There are three key factors to consider when determining how clean EVs really are: vehicle and battery production emissions, cleanliness of the electricity used to charge the vehicle during its lifespan and the battery recycling/disposal process.
1. Vehicle production emissions
Vehicle manufacturing is more resource-intensive for EVs today than for producing internal combustion engine (ICE) vehicles, in large part due to the resource extraction required for an EV’s lithium-ion battery.
- While initial manufacturing emissions are higher for EVs, once on the road, EV emissions are so low that within 2 years ICE vehicles catch up and surpass the emissions from an EV. If the EV is charged using renewable energy, it can take as little as a year to be greener.
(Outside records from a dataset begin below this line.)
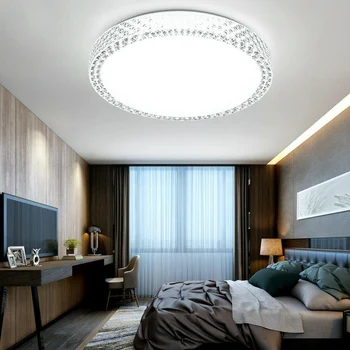 Smart Modern LED Ceiling Light WW + CW Dimmable App Remote Control Voice Control For Living Room Bedroom Kitchen Ceiling Lamp
Smart Modern LED Ceiling Light WW + CW Dimmable App Remote Control Voice Control For Living Room Bedroom Kitchen Ceiling Lamp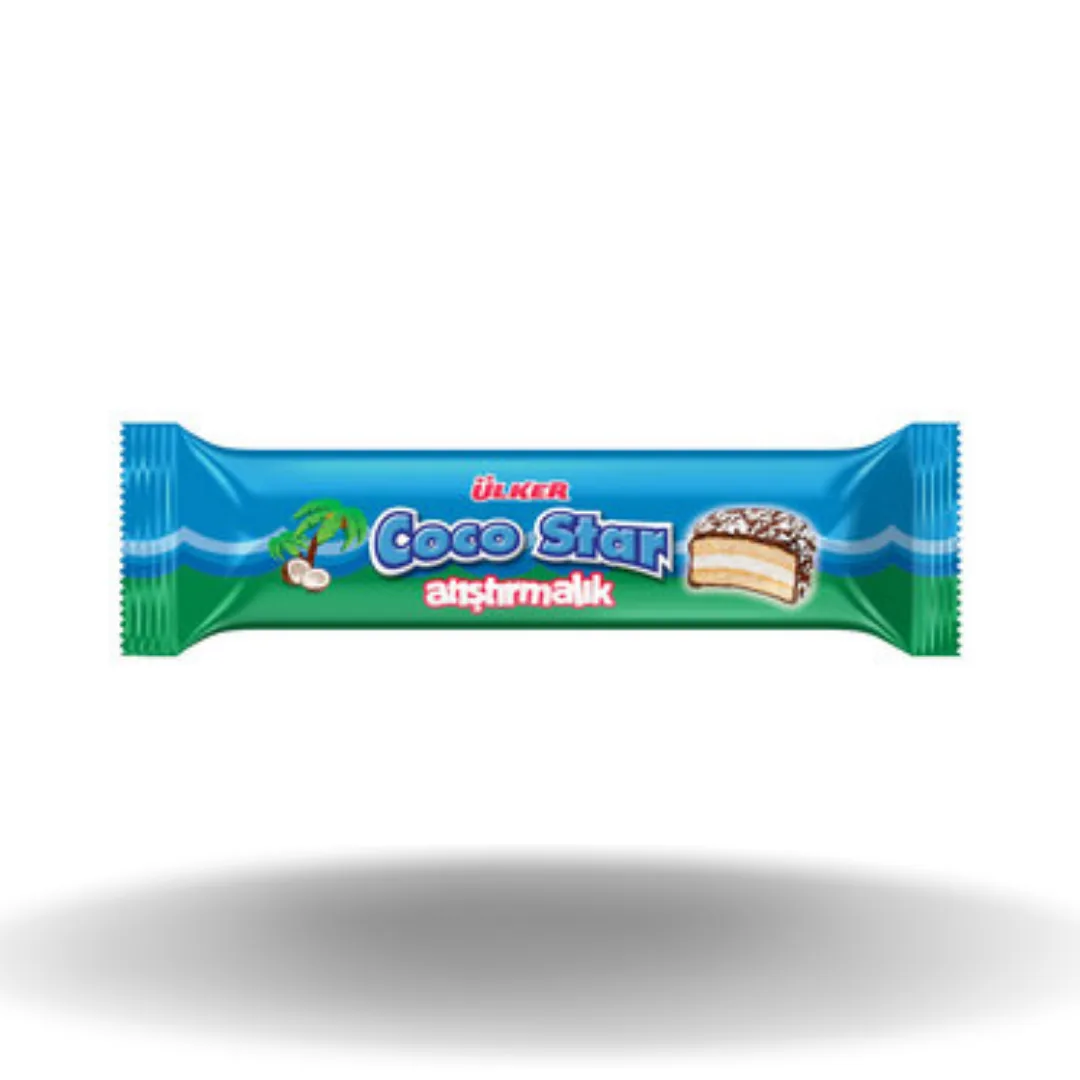 Ülker Cocostar Atıştırmalık 66 Gr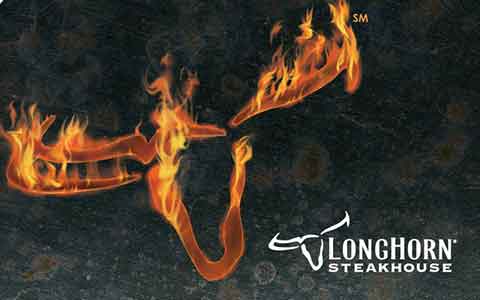 Buy Longhorn Steak House Gift Cards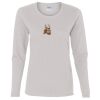 Heavy Cotton Women's "Budget" Long Sleeve T-Shirt Thumbnail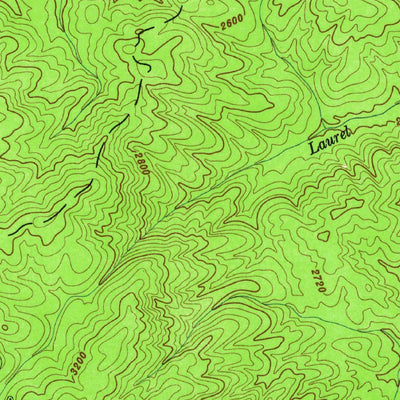 United States Geological Survey Brevard, NC-SC (1945, 24000-Scale) digital map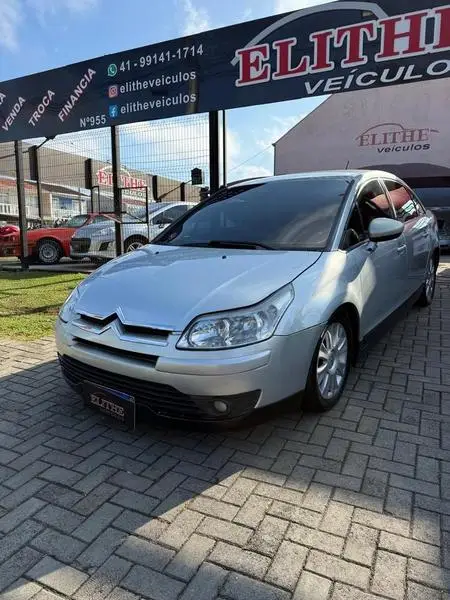 Carro Citroën C4 Pallas 2010 Exclusive 2.0 16V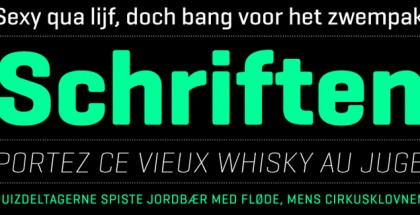 Geogrotesque font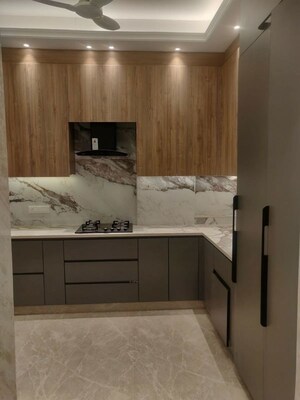 Bedroom in 3 BHK Builder Floor at Sushant Lok I – for Rent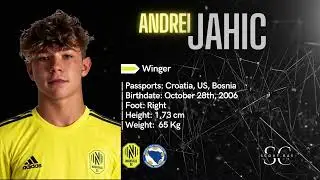 Andrei Jahic | 2022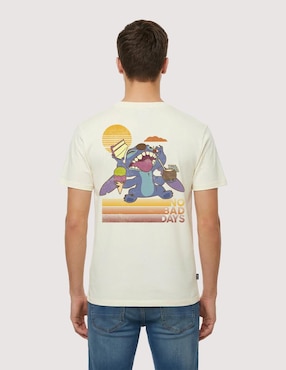 Playera Disney No Bad Days cuello redondo para hombre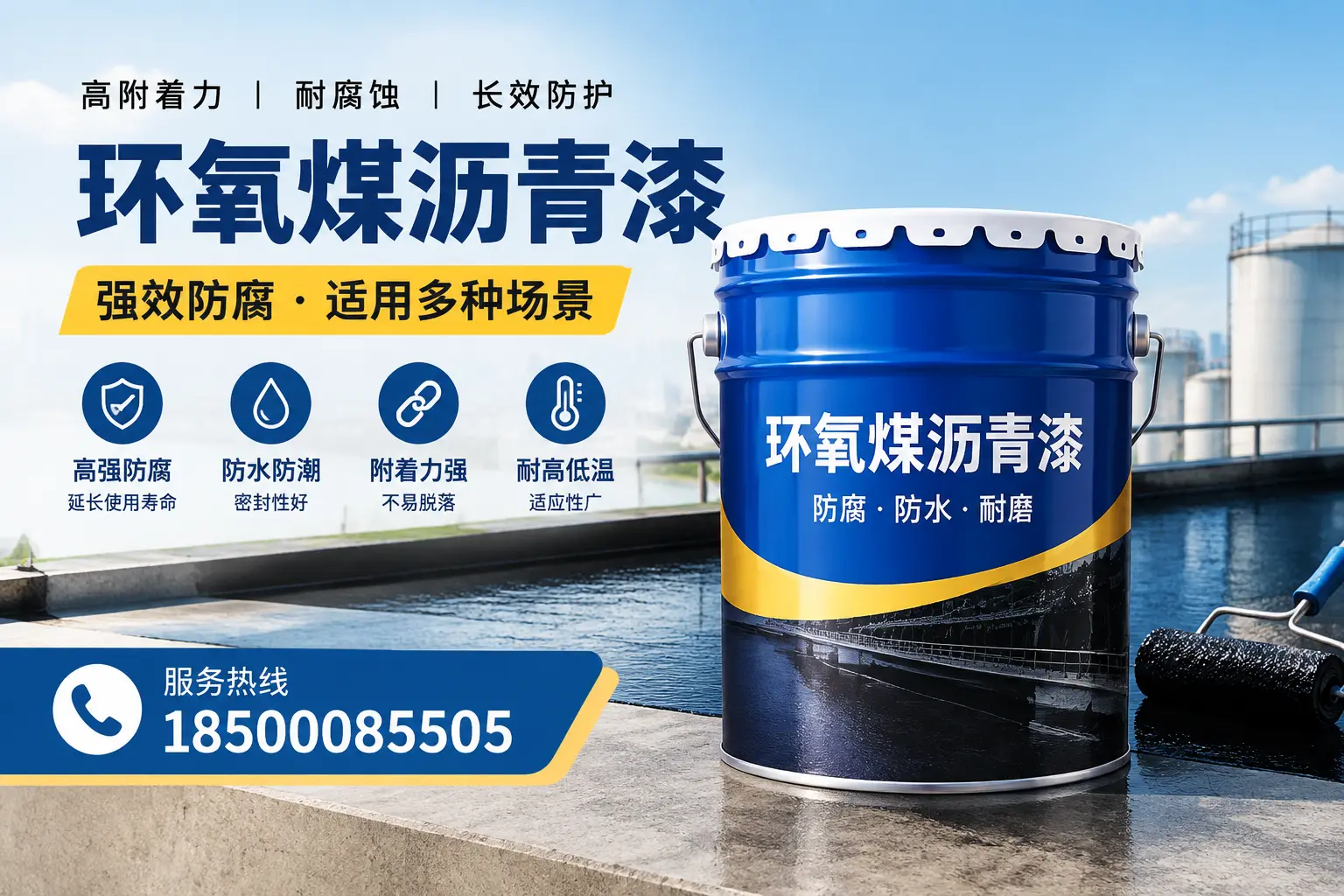 环氧煤沥青漆与油漆的区别,漳州消费者最关心的问题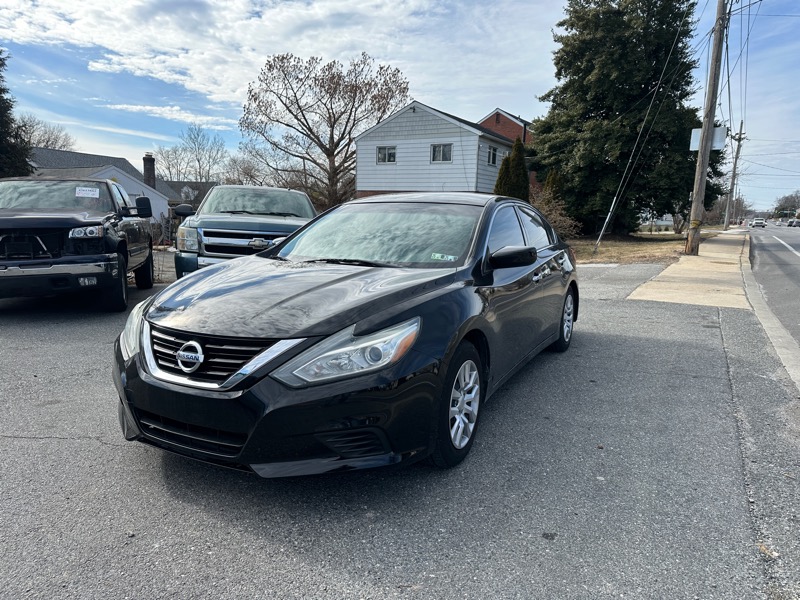 Nissan Altima 2.5 SV 2018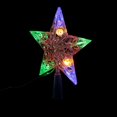 thumbnail image 2 of AMERTEER 10led LED Xmas Star Night Light Christmas Tree Top Five-pointed Lamp for Party, 2 of 6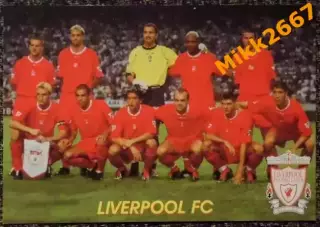 LIVERPOOL FC / ЛИВЕРПУЛЬ, В мире ФУТБОЛА- 348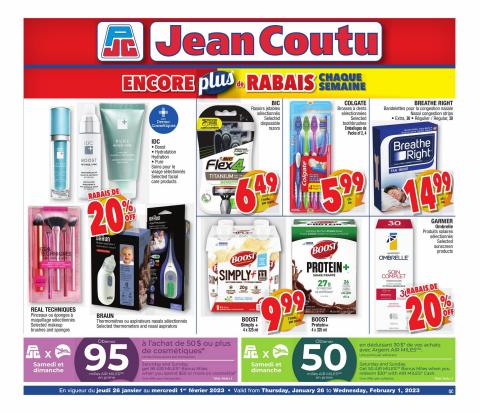 Jean Coutu catalogue in Ottawa | More Savings Flyer | 2023-01-26 - 2023-02-01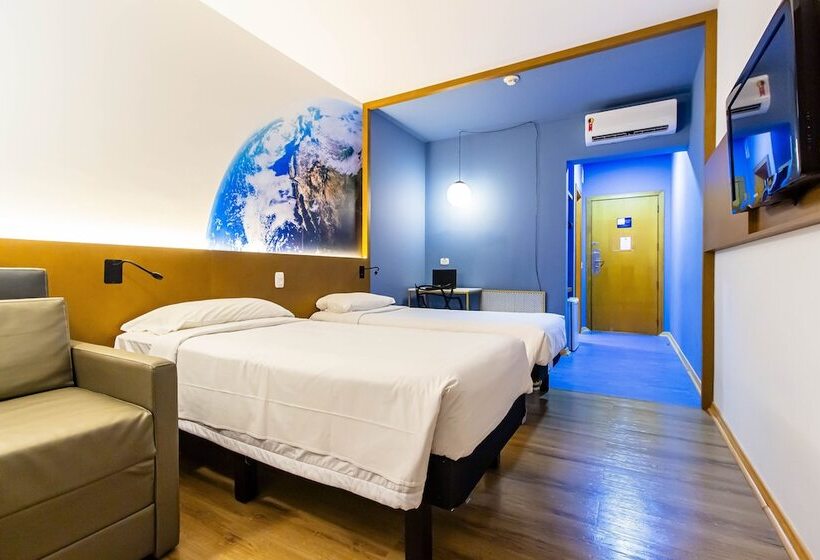 高级大房间, Euro Suite Curitiba Batel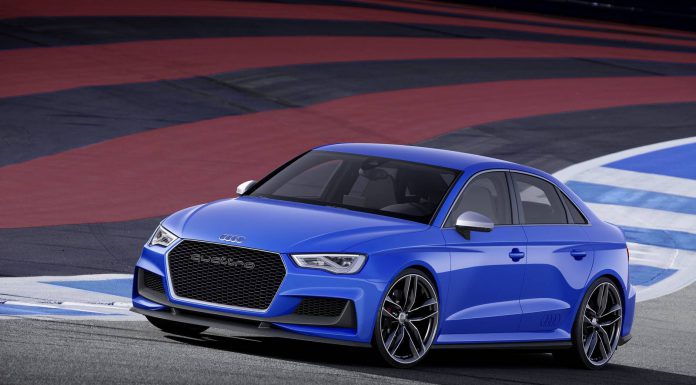 Official: Audi A3 Clubsport Quattro Concept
- Notably, the mining of the minerals for battery production is also becoming cleaner and more efficient and is expected to continue in a greener direction in the years to come.
2. Cleanliness of electricity
EVs have zero tailpipe emissions but the power used to charge them can cause emissions. This can vary depending on location, and the cleanliness of the power grid.
- For EVs to deliver the best GHG results, they should be charged using green power, which is clean electricity produced from renewable sources such as solar, wind, geothermal, and more. This type of power is ideal for charging EVs, and lowers electricity costs and greenhouse gas emissions, contributing to less overall pollution.
- According to the Canadian Electricity Association, Canada generates electricity with more than an 80% GHG emissions-free electricity mix. While innovations in renewable energy will continue to increase emission-free electricity, we do not yet have the technology and infrastructure to make a complete switch.
3. Battery recycling process
Initially, EV batteries were not designed for alternative uses after their lifespan in an EV and many ended up in landfills. This is beginning to change as EV technology continues to develop.
- An EV battery retains up to 80 percent of its charge capacity at the end of its life and can be useful in applications such as wheelchairs and other devices; residential energy storage or back up power; and energy storage in renewable systems.
- If an EV battery is not utilized for another purpose, innovations in recycling have seen several companies, including Li-Cycle, a Canadian company, develop solutions that recover more than 95% of all raw materials found in lithium-ion batteries to further reduce emissions at the end of an EV’s lifecycle.